Most of you will wonder what this place is, but I hope that, for a few of you, the names clicked into place in your memory. This is the planet Chiron, the setting (and one of the main characters) of Sid Meier’s Alpha Centauri—a computer game from 1999 that has a cult following; I count myself among the cult.
I could go on about the game—which is deep and thought-provoking and has a remarkably beautiful and carefully considered visual language—but I’m here to talk about the map. This project pushed my skills into some new places, so even if you don’t care about the game, I think it’s worth talking about the technical details behind it.
But first, before we get in to those details, I want to mention something that this project helped teach me about the difference between real and fictional maps. Recently, after I’d told someone I was a cartographer, they asked if I mapped real or fictional places. To an outsider, it’s reasonable to put those two things on equal footing. But, to me, they felt like entirely different things. Other than the map above, I stick almost exclusively to the real world, and I observe this to be true for the majority of my colleagues. As I was grappling with this person’s question, I realized that this split might be because fantasy maps require a different (but overlapping) skill set than real maps.

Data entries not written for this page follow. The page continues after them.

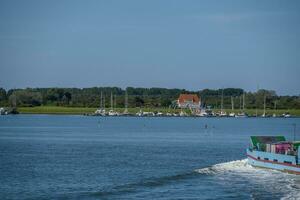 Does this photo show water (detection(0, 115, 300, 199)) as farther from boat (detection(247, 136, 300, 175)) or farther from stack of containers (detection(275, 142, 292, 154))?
stack of containers (detection(275, 142, 292, 154))

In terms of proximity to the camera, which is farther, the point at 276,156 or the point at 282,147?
the point at 282,147

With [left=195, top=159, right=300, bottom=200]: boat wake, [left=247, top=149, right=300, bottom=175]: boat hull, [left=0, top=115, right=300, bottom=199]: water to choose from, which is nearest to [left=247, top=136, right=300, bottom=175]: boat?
[left=247, top=149, right=300, bottom=175]: boat hull

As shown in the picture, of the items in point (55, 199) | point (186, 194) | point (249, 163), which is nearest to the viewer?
point (55, 199)

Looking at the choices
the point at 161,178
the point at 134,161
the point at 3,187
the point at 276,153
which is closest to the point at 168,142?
the point at 134,161

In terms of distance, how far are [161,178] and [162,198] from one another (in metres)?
10.8

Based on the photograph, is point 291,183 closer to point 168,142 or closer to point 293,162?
point 293,162

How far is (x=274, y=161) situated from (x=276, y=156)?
0.70 meters

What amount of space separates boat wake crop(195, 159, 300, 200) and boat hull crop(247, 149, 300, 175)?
58cm

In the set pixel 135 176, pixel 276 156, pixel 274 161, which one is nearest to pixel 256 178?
pixel 276 156

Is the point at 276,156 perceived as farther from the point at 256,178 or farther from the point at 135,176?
the point at 135,176

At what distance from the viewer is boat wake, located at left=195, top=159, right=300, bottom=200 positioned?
57188 millimetres

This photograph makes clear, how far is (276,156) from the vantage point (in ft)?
233

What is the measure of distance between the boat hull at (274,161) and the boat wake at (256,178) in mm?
577

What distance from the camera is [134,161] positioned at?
264 ft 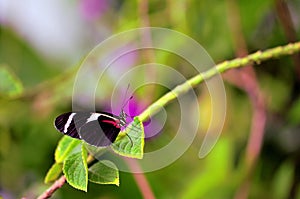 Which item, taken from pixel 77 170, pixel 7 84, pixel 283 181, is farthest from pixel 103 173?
pixel 283 181

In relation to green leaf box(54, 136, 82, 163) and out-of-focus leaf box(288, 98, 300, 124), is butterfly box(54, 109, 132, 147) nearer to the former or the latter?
green leaf box(54, 136, 82, 163)

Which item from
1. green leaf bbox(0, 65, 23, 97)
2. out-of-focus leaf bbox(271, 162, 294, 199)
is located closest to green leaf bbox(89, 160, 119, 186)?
green leaf bbox(0, 65, 23, 97)

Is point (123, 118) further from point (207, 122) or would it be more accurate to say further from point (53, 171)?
point (207, 122)

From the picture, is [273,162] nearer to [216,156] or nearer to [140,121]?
[216,156]

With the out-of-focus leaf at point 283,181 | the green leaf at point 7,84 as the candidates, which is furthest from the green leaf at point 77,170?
the out-of-focus leaf at point 283,181

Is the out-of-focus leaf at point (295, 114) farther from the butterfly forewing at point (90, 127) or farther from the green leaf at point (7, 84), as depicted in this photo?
the butterfly forewing at point (90, 127)

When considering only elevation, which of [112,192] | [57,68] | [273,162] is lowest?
[112,192]

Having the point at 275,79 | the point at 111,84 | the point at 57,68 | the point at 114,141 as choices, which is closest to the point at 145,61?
the point at 111,84

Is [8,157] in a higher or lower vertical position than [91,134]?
higher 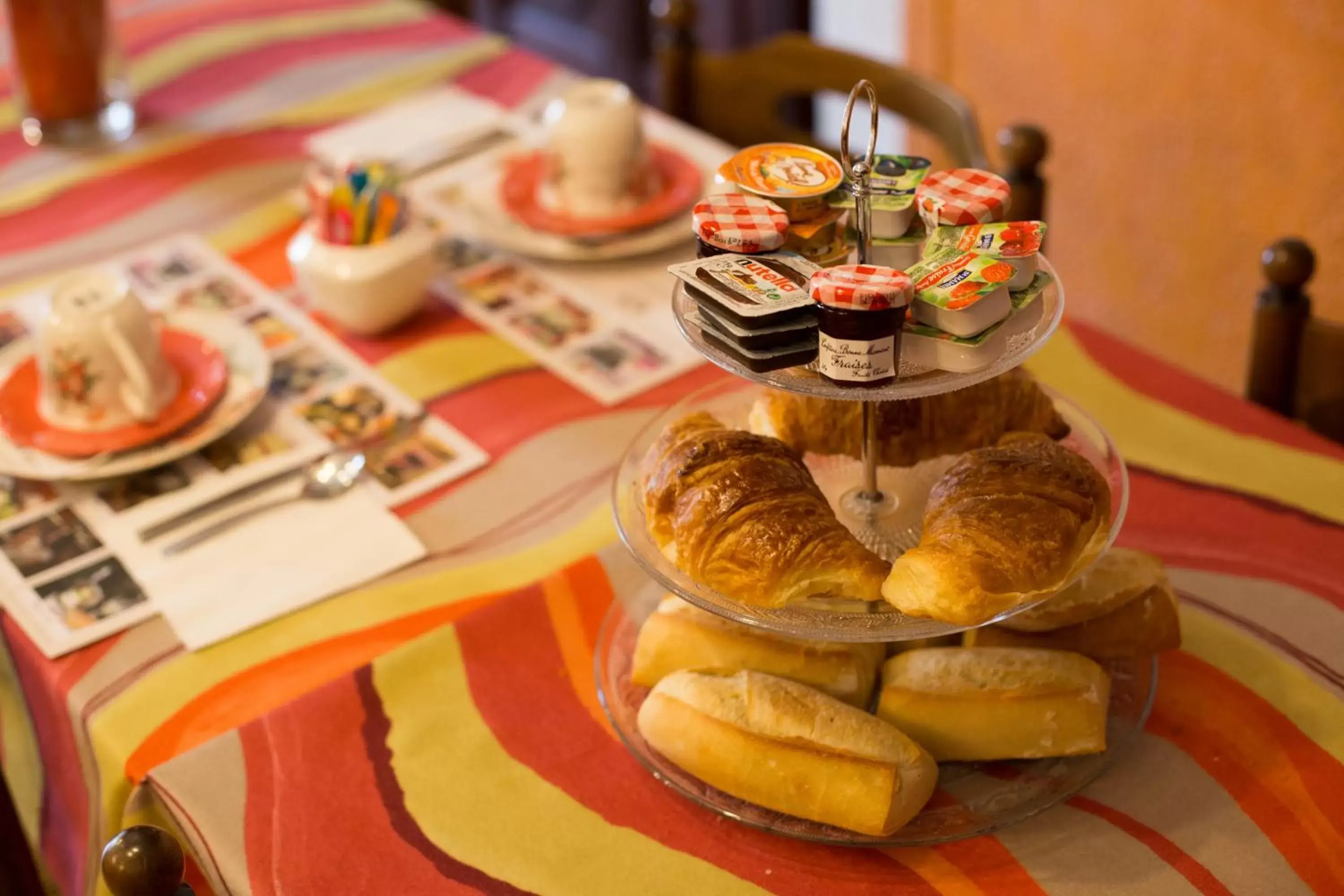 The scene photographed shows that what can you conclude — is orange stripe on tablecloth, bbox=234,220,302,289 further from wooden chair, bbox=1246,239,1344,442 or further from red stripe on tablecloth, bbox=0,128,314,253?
wooden chair, bbox=1246,239,1344,442

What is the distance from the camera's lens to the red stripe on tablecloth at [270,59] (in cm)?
175

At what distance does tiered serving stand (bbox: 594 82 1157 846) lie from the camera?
0.72 meters

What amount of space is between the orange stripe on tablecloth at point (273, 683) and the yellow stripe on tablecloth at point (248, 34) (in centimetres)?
Answer: 112

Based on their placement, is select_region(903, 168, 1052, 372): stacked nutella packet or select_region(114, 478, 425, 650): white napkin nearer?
select_region(903, 168, 1052, 372): stacked nutella packet

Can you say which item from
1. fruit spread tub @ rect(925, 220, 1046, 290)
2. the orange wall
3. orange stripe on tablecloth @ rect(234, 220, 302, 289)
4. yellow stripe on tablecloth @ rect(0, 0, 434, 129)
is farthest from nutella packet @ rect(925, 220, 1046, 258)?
yellow stripe on tablecloth @ rect(0, 0, 434, 129)

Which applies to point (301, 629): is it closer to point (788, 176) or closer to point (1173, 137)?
point (788, 176)

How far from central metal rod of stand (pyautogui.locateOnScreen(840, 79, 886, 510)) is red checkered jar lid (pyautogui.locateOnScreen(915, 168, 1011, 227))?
0.03 metres

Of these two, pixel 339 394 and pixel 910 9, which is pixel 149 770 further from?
pixel 910 9

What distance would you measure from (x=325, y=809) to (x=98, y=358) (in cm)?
48

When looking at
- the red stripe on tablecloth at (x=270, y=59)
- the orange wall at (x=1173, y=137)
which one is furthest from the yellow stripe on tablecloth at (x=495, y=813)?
the orange wall at (x=1173, y=137)

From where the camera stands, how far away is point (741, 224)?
0.76m

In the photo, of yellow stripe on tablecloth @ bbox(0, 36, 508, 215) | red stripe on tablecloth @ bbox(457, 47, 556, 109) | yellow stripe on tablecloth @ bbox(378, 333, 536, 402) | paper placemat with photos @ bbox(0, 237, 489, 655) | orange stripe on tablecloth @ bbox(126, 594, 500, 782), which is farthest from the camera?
red stripe on tablecloth @ bbox(457, 47, 556, 109)

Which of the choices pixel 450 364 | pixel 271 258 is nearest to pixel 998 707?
pixel 450 364

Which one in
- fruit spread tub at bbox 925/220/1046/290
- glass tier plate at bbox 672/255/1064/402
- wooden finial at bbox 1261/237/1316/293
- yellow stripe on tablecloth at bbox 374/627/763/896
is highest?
fruit spread tub at bbox 925/220/1046/290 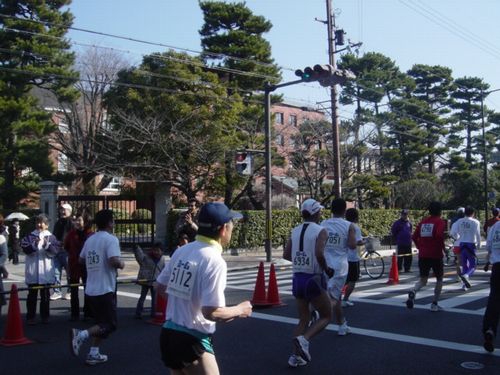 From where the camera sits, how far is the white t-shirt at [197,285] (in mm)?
3451

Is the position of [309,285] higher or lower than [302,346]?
higher

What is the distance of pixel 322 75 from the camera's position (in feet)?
57.2

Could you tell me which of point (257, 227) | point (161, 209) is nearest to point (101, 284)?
point (161, 209)

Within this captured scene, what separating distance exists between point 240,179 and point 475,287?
549 inches

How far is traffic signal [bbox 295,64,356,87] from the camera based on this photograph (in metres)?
17.4

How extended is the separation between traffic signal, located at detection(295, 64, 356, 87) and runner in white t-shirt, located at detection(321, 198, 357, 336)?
402 inches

If a fantasy or sci-fi author asked me to construct a map for them, I would need to sit down and draw something new from scratch. I’m not trained to work that way. All of my experience centers on manipulating and styling geographic data, not on creating that geographic data.
Some mappers can, and do, handle both fictional and real places, but a lot of us, myself included, are primarily skilled in cooking with ingredients someone hands us, rather than growing the ingredients ourselves. Thus, the only reason I was able to make a fictional map was because there were actual pre-existing datasets I could use to build it.
Before we jump in, I’ll mention that while this map is free to download, it was quite laborious. Your support helps me continue doing things like this, so consider clicking the buttons below, and/or sharing my work with others if you enjoyed it—it’s a big help! PATREON PAYPAL SUBSCRIBE
Getting the Data
The game of Alpha Centauri is played on a map. The program can make up a new, random map for you, but there’s also an official, built-in map of the planet, carefully crafted by one of the game designers, Chris Pine.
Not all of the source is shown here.